---------- Information shown

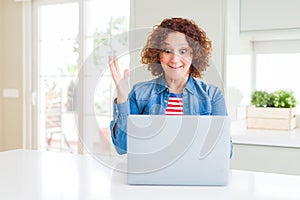Senior woman working using computer laptop very happy and excited, winner expression celebrating victory screaming with big smile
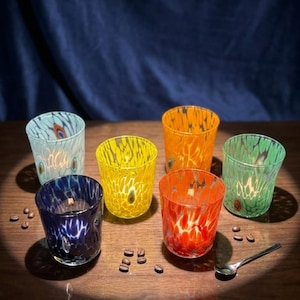 Puede incluir: Un conjunto de seis portavelas de vidrio en varios colores, incluyendo azul, azul claro, amarillo, naranja, rojo y verde. Cada vaso presenta un patrón moteado y jaspeado con pequeños detalles incrustados. Granos de café dispersos y una cuchara de metal.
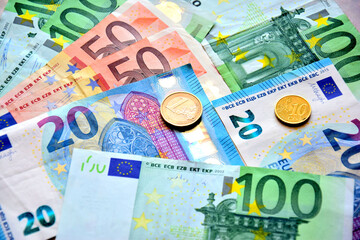 euro banknotes and coins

--------------------

## What the task requires
The data above needs to be retyped exactly, with the images left out.

## Result of the exercise
Senior woman working using computer laptop very happy and excited, winner expression celebrating victory screaming with big smile
 Puede incluir: Un conjunto de seis portavelas de vidrio en varios colores, incluyendo azul, azul claro, amarillo, naranja, rojo y verde. Cada vaso presenta un patrón moteado y jaspeado con pequeños detalles incrustados. Granos de café dispersos y una cuchara de metal.
 euro banknotes and coins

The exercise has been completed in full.